Obviously I need to have the device rooted, as I need to install openvpn which I use on my network. That wasn't so easy it appears.

Finding the right and up-to-date info that is. But once found rooting for Asus Eee Pad Transformer is a breeze.

The next step is supposed to be installing the tun device. Also straight-forward, once you're root that is.

Then it's

15 Jul 2011 (updated 15 Jul 2011 at 02:08 UTC) »

Unfortunately cmdbulkimp destroyed the KnowledgeTree database, existing documents were moved all over the place. So what now?

Maybe I'm a moron. It appears there is an upload from server link in the admin interface.

Too bad Google didn't return this as the top result.

13 Jul 2011 (updated 15 Jul 2011 at 02:04 UTC) »

Have been doing some work with the KnowledgeTree document management system. Was about 61GB of data, so got the company to sent a disk to Amazon to import. As I didn't know you could import to EBS (or maybe they just announced that) this was imported to S3.

It's a pain to get your data out of S3, let me tell you that, especially as in their case they had deeply structured files. s3fs can mount this, but didn't see any files. In the end I used the Perl Amazon::S3 library to get all files in the bucket and download them one by one.

Although the data is now on the server, it doesn't mean that it's in KnowledgeTree. There is a Best Practice document, but the the link to the bulkimporter is dead. Was able to locate it. Now seeing if this is going to work.

If you ever get:

svn: Commit failed (details follow):
svn: Commit item '/...../some_dir' has copy flag but no copyfrom URL

Try this:

svn delete ..../some_dir
svn revert -R ...../some_dir

Or else the slightly less safe:

rm -rf ..../some_dir
svn update ...../some_dir

Just completed some new kind of work for a Manukau motor lodge, new for me that is: SEO improvements. Got the help from the New Zealand search masters.

Was running on Ubuntu 9.10 for a long time, and very happy with that. But one must move on I suppose, so had a bit of downtime yesterday and decided to upgrade to 10.10. Ubuntu upgrades always went fantastic, never had a problem, but this time it was a nightmare. Had upgraded a couple machines already, but not yet my main machine.
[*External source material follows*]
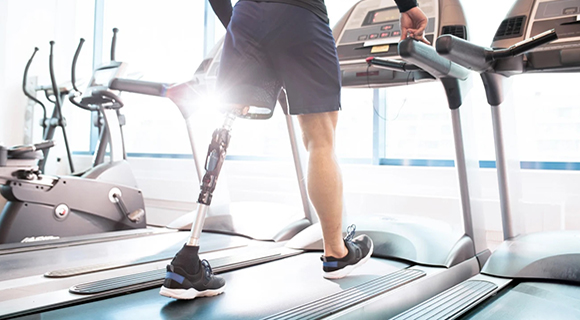 man with prosthetic leg on treadmill teaser image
First upgraded to 10.04, the LTS release. Everything went OK, until I booted. When it came up, the nvidia driver didn't load, so into low res graphics mode. Weird. Booted on an older kernel, that went OK. As I had to upgrade to 10.10 anyway, I didn't bother to pursue it. And somehow I got the idea that I should do the upgrade from the latest kernel, so I booted back into the latest kernel with low res graphics. But I think the problem was that this kernel didn't support my Lenovo W700 well, so the kernel simply didn't work and that's why nvidia didn't load.
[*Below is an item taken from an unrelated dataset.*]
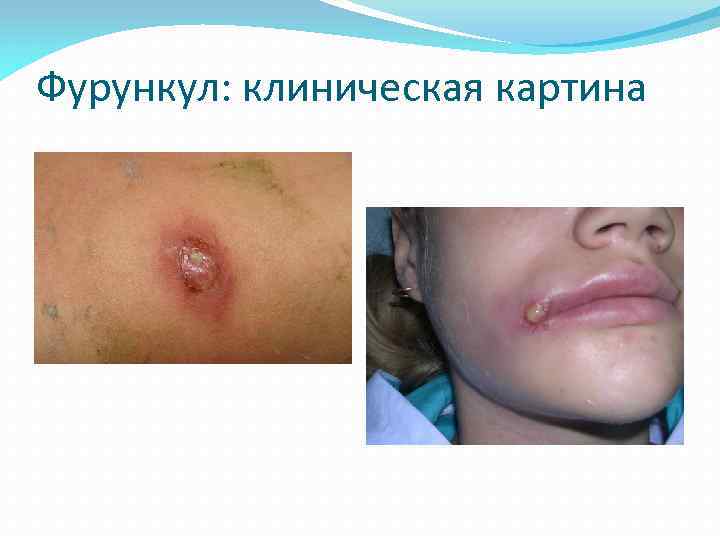 Фурункул: клиническая картина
I could start the upgrade to 10.10 fine, no issues there. But about half way X window/machine/kernel crashed. Could no longer boot.

On Windows this would have been a reinstall, but luckily on Ubuntu you have options. So I downloaded the Ubuntu 10.10 live CD, booted from that, and then chrooted to my disk. With liberal use of "apt-get upgrade", "dpkg --configure -a", etc. and several retries I somehow was able to finish the upgrade and install the 10.10 kernel, which worked fine.

System still in a somewhat bad state though. mysql wasn't installed, so had to do that myself. Bit of a problem as well as my my.cnf had statements in it that prevented it to start. Starting it gave me all kinds of warnings that I needed to upgrade.

Lost my Thunderbird profiles, currently loading them from a backup tape.

And then of course we have the usual and expected: PHP upgraded to 5.3 which will cause issues. I'm first trying to see if I can resolve them, before going back to 5.2. For example SimpleTest doesn't work anymore, but the latest trunk fixes this.